# ASSIGNMENT
Below are records with pictures. Transcribe exactly, and only, the lines from the line with "PIERCINGLINE Universelle Schraubkugel" to the line with "12oz USB Heated", both ends included, but not the pictures.

# DATA
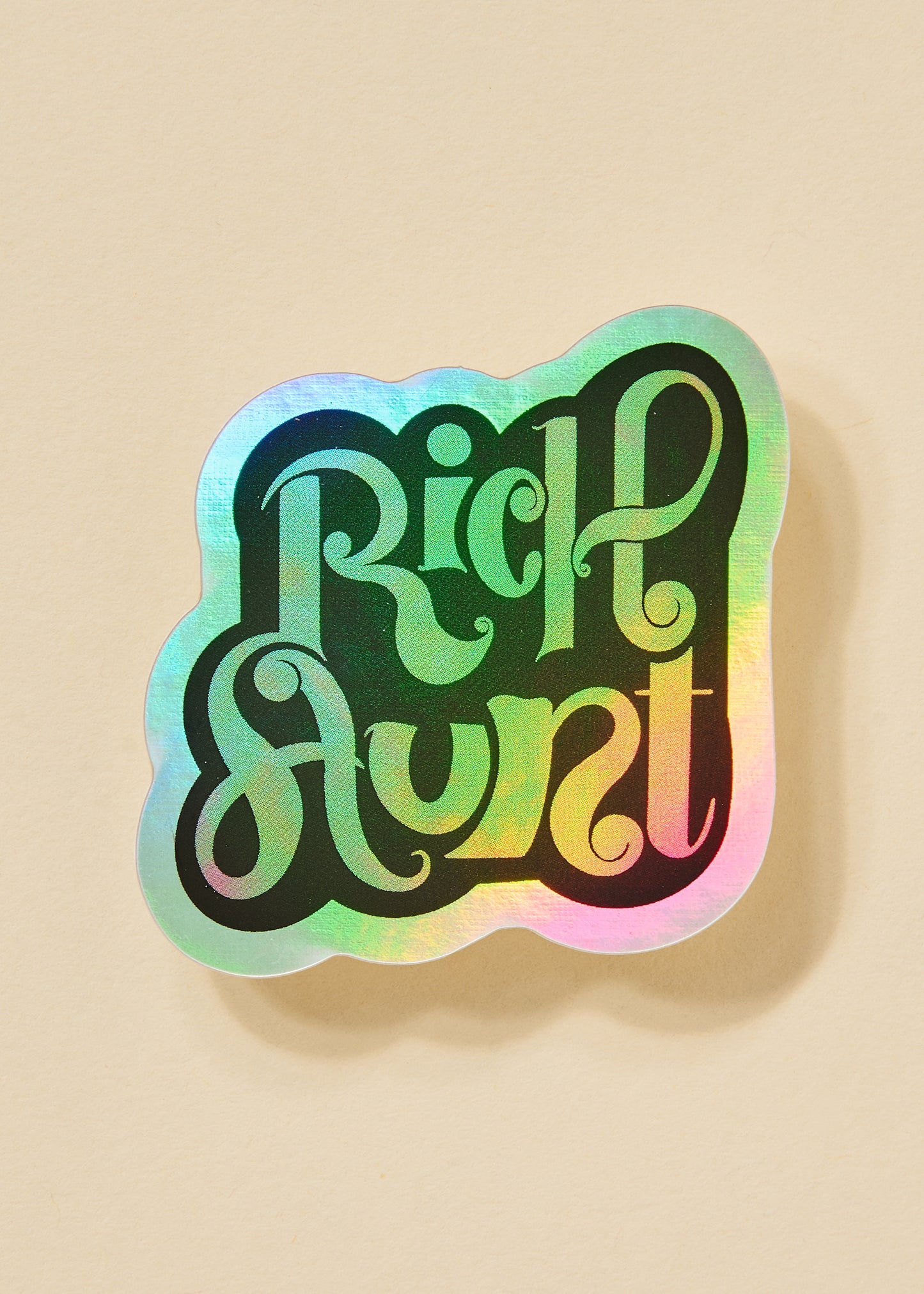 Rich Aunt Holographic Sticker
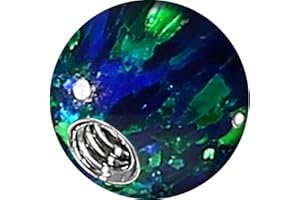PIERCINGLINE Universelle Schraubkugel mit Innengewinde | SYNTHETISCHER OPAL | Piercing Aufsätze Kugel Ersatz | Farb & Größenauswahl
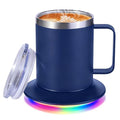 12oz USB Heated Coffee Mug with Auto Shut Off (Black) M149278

* * *

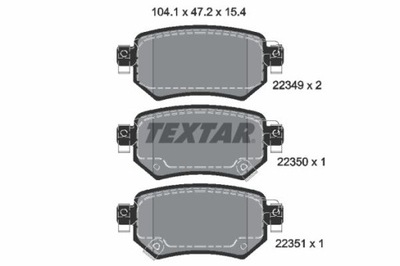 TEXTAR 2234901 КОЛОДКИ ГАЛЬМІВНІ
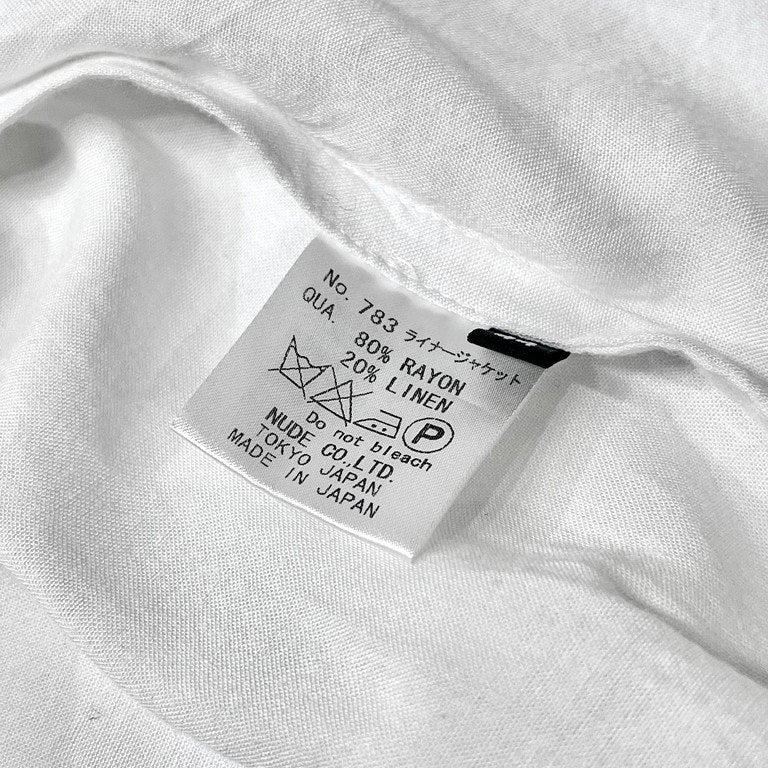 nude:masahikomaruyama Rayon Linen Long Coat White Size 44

# SOLUTION TO THE PROBLEM
PIERCINGLINE Universelle Schraubkugel mit Innengewinde | SYNTHETISCHER OPAL | Piercing Aufsätze Kugel Ersatz | Farb & Größenauswahl
 12oz USB Heated Coffee Mug with Auto Shut Off (Black) M149278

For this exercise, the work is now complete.